В результате рабочий процесс снова заработал, но генерация сигналов занимает время, и это уничтожает все улучшение производительности, полученное с помощью bulk_create. Есть ли способ улучшить создание сигналов?
В чем проблема?
Как уже отмечалось в комментариях, проблема заключается в том, что функции, вызываемые через post_save
, занимают много времени. (Помните, что сигналы не являются асинхронными! - это распространенное заблуждение).
Я не знаком с django-river
, но если быстро взглянуть на функции, которые будут вызваны после сохранения (см. здесь и здесь), то можно увидеть, что они включают дополнительные обращения к базе данных.
Хотя вы экономите много отдельных обращений к базе данных, используя bulk_create
, вы все равно обращаетесь к базе данных снова несколько раз для каждого сигнала post_save.
Что можно с этим сделать?
Короче говоря. Не много!!! Для подавляющего большинства запросов django, медленной частью будет обращение к базе данных. Вот почему мы стараемся минимизировать количество обращений к базе данных (используя такие вещи, как bulk_create
).
Прочитав первые несколько абзацев django-river
, можно понять, что вся идея заключается в том, чтобы перенести вещи, которые обычно находятся в коде, в базу данных. Большим преимуществом здесь является то, что вам не нужно часто переписывать код и развертывать его заново. Но недостатком является то, что вам неизбежно придется чаще обращаться к базе данных, что замедлит работу. Это подходит для некоторых случаев, но не для всех.
Есть две вещи, о которых я могу подумать, которые могут помочь:
- Происходит ли все это в настоящее время как часть цикла запроса/ответа. И если да, то нужно ли это делать? Если ответы на эти два вопроса "да" и "нет" соответственно, то вы можете переместить эту работу в отдельную очередь задач. Это все равно будет медленно, но, по крайней мере, не будет тормозить ваш сайт.
- В зависимости от того, каковы ваши рабочие процессы и характер данных, которые вы создаете, может быть случай, что вы можете делать все, что делают сигналы
post_save
в вашей собственной функции, и делать это более эффективно. Но это определенно зависит от ваших данных и вашего приложения и отходит от философииdjango-river
.
Используйте отдельный рабочий, если логика "сигнала" позволяет быть выполненным после массового сохранения.

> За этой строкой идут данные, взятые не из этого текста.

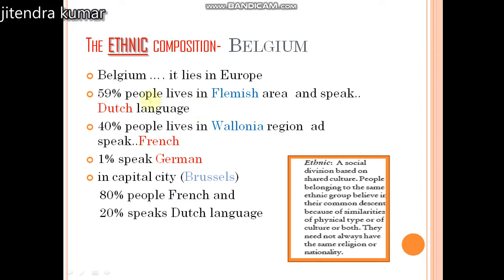To summarize factually: 59% of people live in the Flemish area and speak the Dutch language. 40% of people live in the Wallonia region and speak French. And 1% of people speak German. The capital Brussels is a separate area where a majority of people speak French, though it is surrounded by a Dutch-speaking region. People in majority are called the majority group and people who are fewer in number are called the minority group of a country.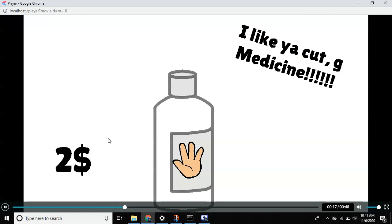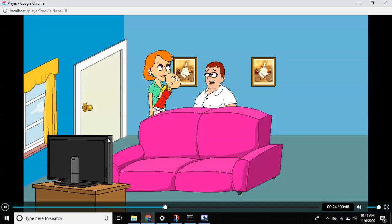Introducing the I Like Ya Cut G Medicine. The I Like Ya Cut G Medicine allows you to slap people in the face. Hey,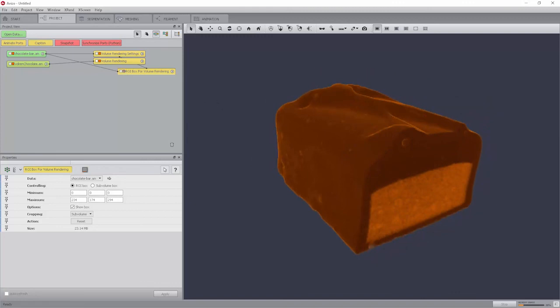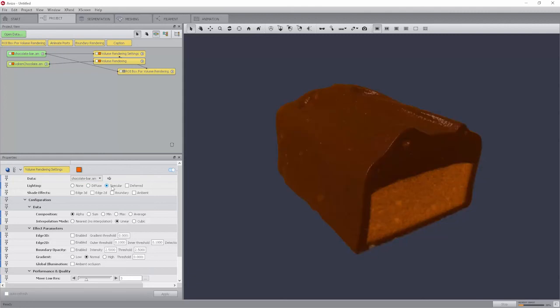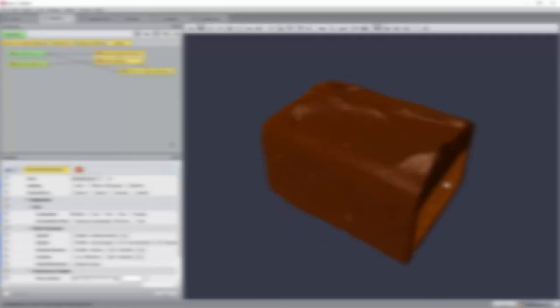There are many advanced settings available to configure the rendering, which are available from the volume rendering settings module after switching on the advanced mode. For example, set lighting to specular. Please refer to the user's guide for more details on these parameters.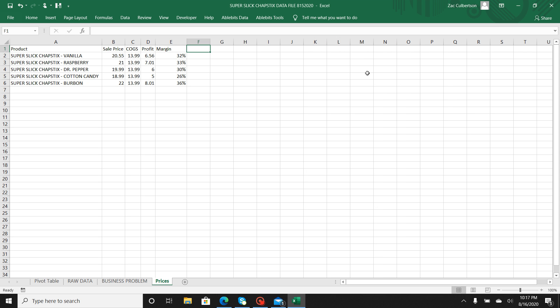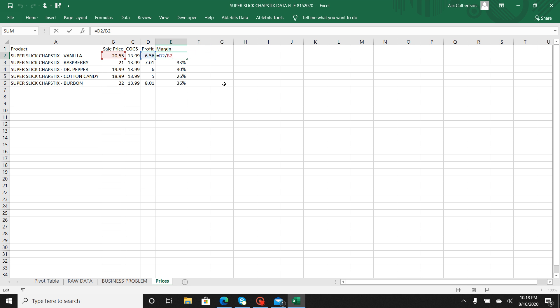Hey guys, welcome back to another how-to in Excel. This is going to be a short video. When I was beginning in business, this was a pretty simple concept, but what I wanted to show you is how I was coming up with this margin number. Basically, margin is your profit divided by the sale price at which you're going to sell your product.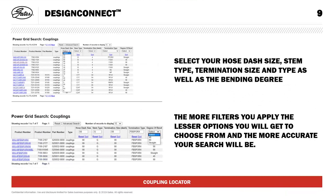The other way is the Coupling Locator, which is the method I prefer. It's a list of all coupling models we have available. On the left you'll see the product description and product number, and then you have drop-down boxes where you can select your size, stem type (such as MegaCrimp, GSM, or others), termination size, termination type (your thread), and whether it should be a straight or a bent coupling. The more filters you select, the more accurate your search will be. In this example, we've selected the 8G8 female BSP and not yet selected the degree of bend.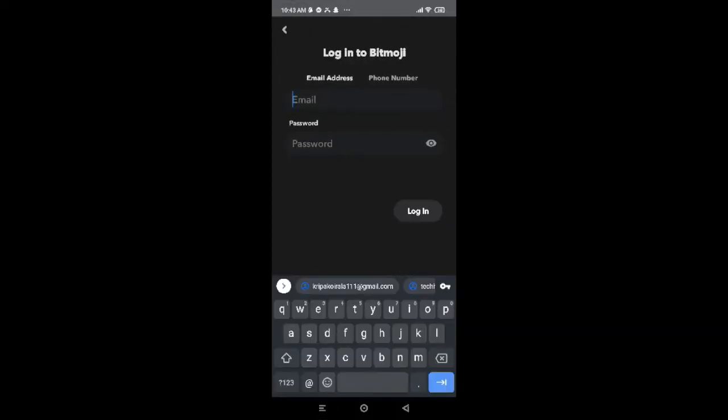After you tap on Login, this interface will appear on your screen. Now you can log in to Bitmoji using your email address or phone number. It's optional guys. I will like to teach you how to log in Bitmoji app with email on this video. So let's go ahead and tap on our email here.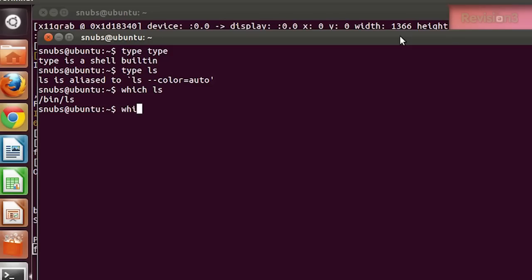The 'which' command won't work for built-ins or alias commands that are substitutes for actual executables — that's one thing to remember. For example, 'which cd' gives me nothing.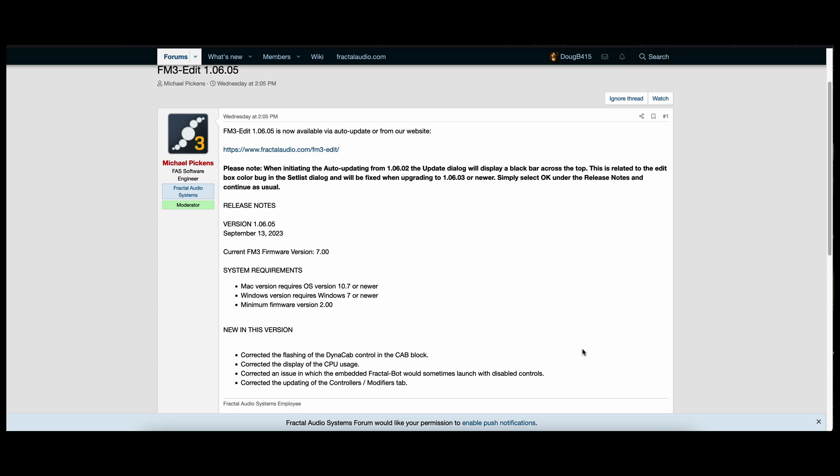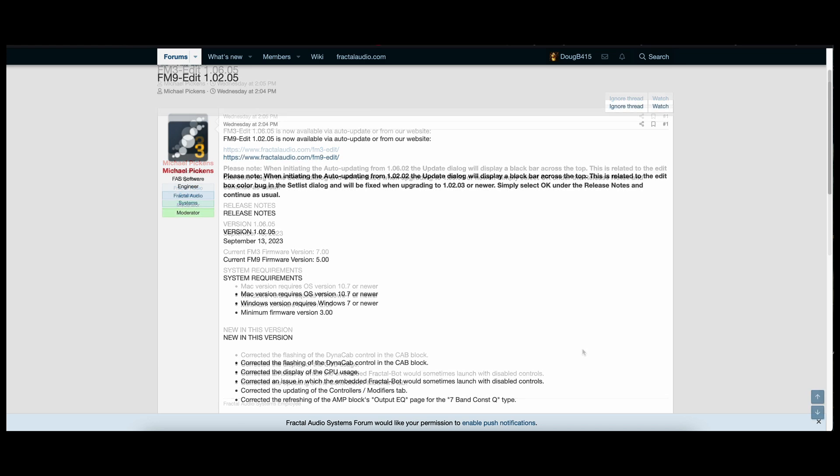For FM3 Edit, new in this version: corrected the flashing of the Dynacab control in the cab block, corrected the display of the CPU usage, corrected an issue in which the embedded FractalBot would sometimes launch with disabled controls, and corrected the updating of the controllers/modifiers tab.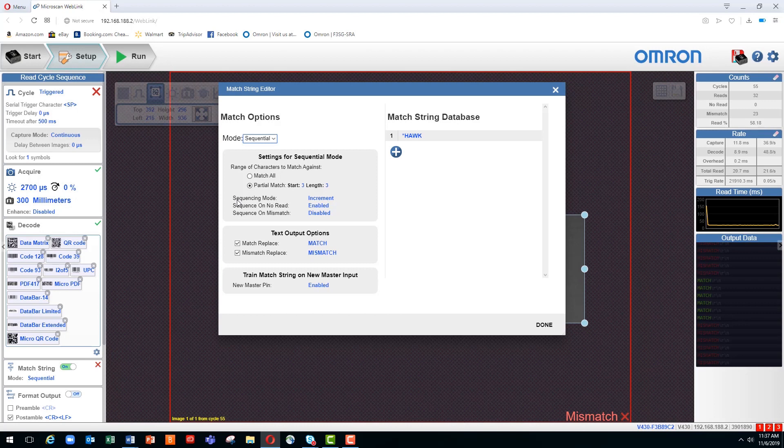That's all for today's tutorial. We hope you've found it useful. Please check out our other MicroHawk tutorial videos to discover more ways to add value to your barcoding application.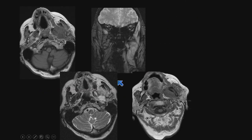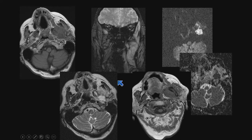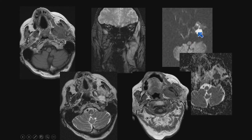Here we can see a lesion that restricts diffusion. There's the ADC map showing decreased signal, and the diffusion-weighted image showing increased signal — this is an abscess in the masticator space.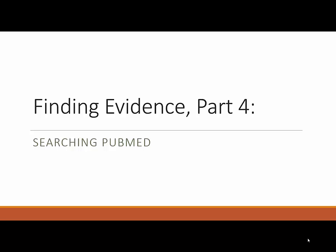Hi, I'm Hannah Norton, a reference and liaison librarian at the University of Florida Health Science Center Libraries. This video is the last in a four-part series that addresses formulating a clinical question and developing tactics for an optimized literature search. We've already talked about formulating a PICO question, controlled vocabularies, and search strategies. This video covers how to put all that into practice in PubMed.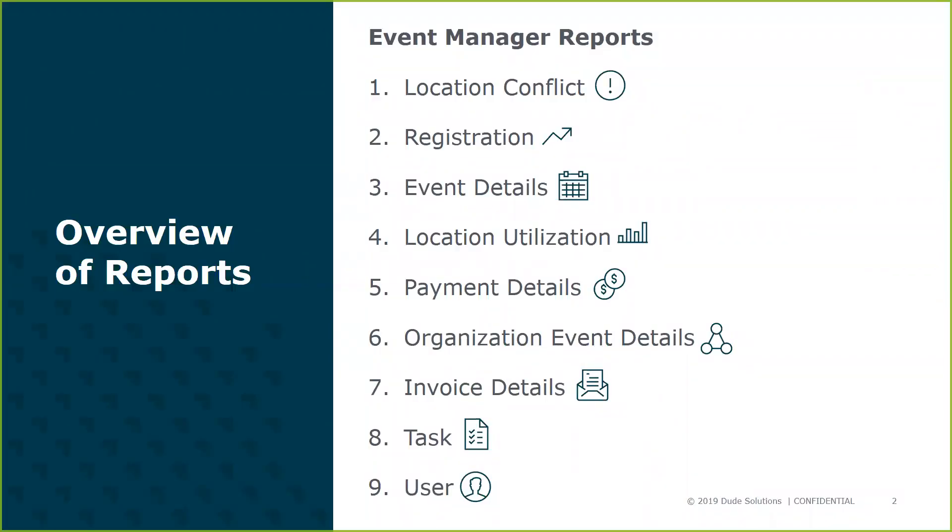Event Manager now offers nine reports to collect and communicate information regarding facility usage, whether it's how each of your spaces are being utilized or what organizations use your facilities. Reporting has you covered.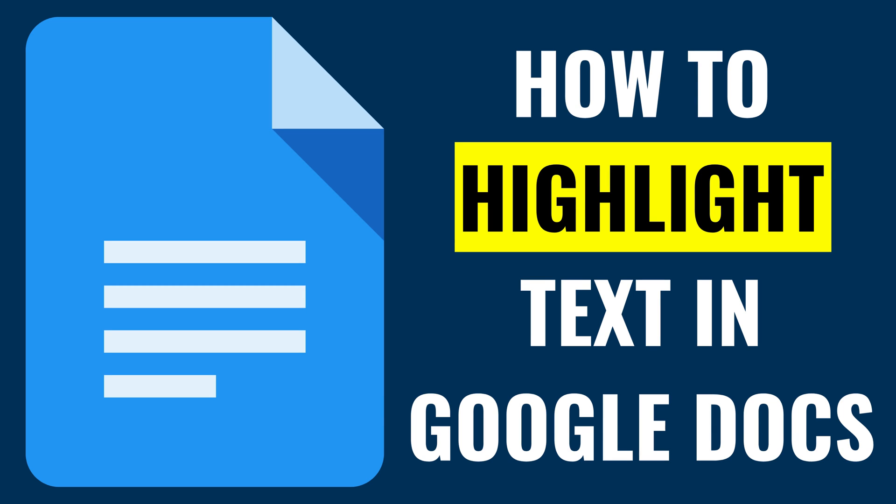I'm Max Dalton, and in this video I'll show you how to highlight text in a Google Docs document.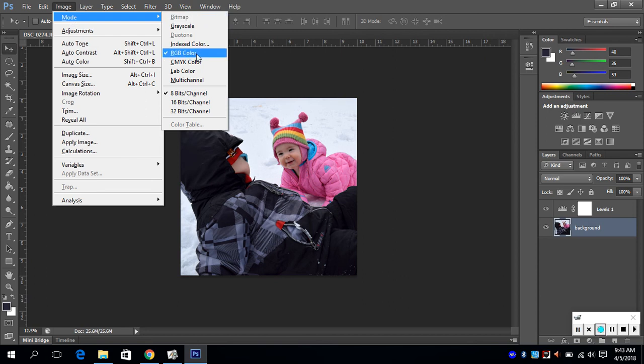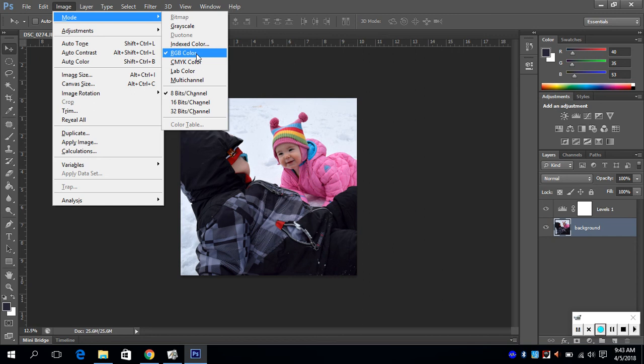It's in an RGB color mode. The RGB color is for images that will be viewed on screens, which means laptops, phones, computer screens, TVs, anything that has an LCD panel with it. CMYK color is used for printing images.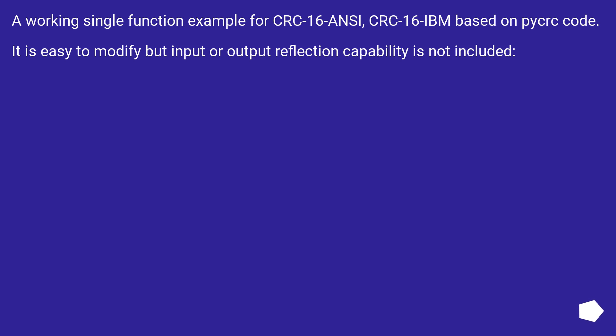A working single function example for CRC16 ANSI, CRC16 IBM based on pycrc code. It is easy to modify but input or output reflection capability is not included.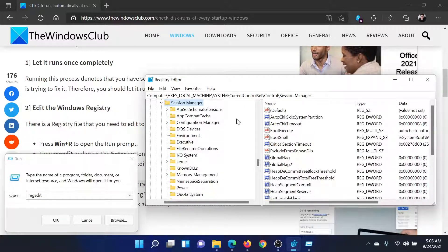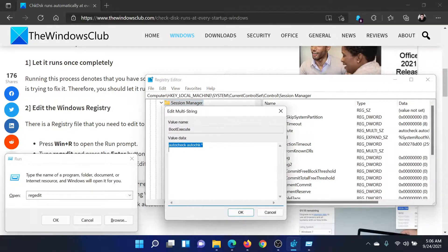Now go to HKEY_LOCAL_MACHINE > System > CurrentControlSet > Control > Session Manager. In the right pane, you would find something called 'BootExecute'. Double-click on it.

Вы можете создать дополнительную таблицу очереди и поместить в нее метаданные о том, что делать для вашего будущего работника.
Создайте отдельный рабочий (модуль Django) с необходимой логикой и данными из таблицы очередей. Вы можете сделать это как управляющую команду, что позволит вам запускать рабочий в основном потоке (вы можете запускать управляющие команды из обычного кода Django) или вы можете запускать его через crontab на основе расписания.
Как запустить такого работника?
Если вам нужно, чтобы что-то было сделано сразу после создания записей - запустите это в отдельном потоке с помощью модуля threading
. Таким образом, ваш жизненный цикл запрос-ответ будет выполнен сразу после того, как вы запустите новый поток.
Если вы можете сделать это позже - составьте расписание и запустите его через crontab, используя каркас команд управления.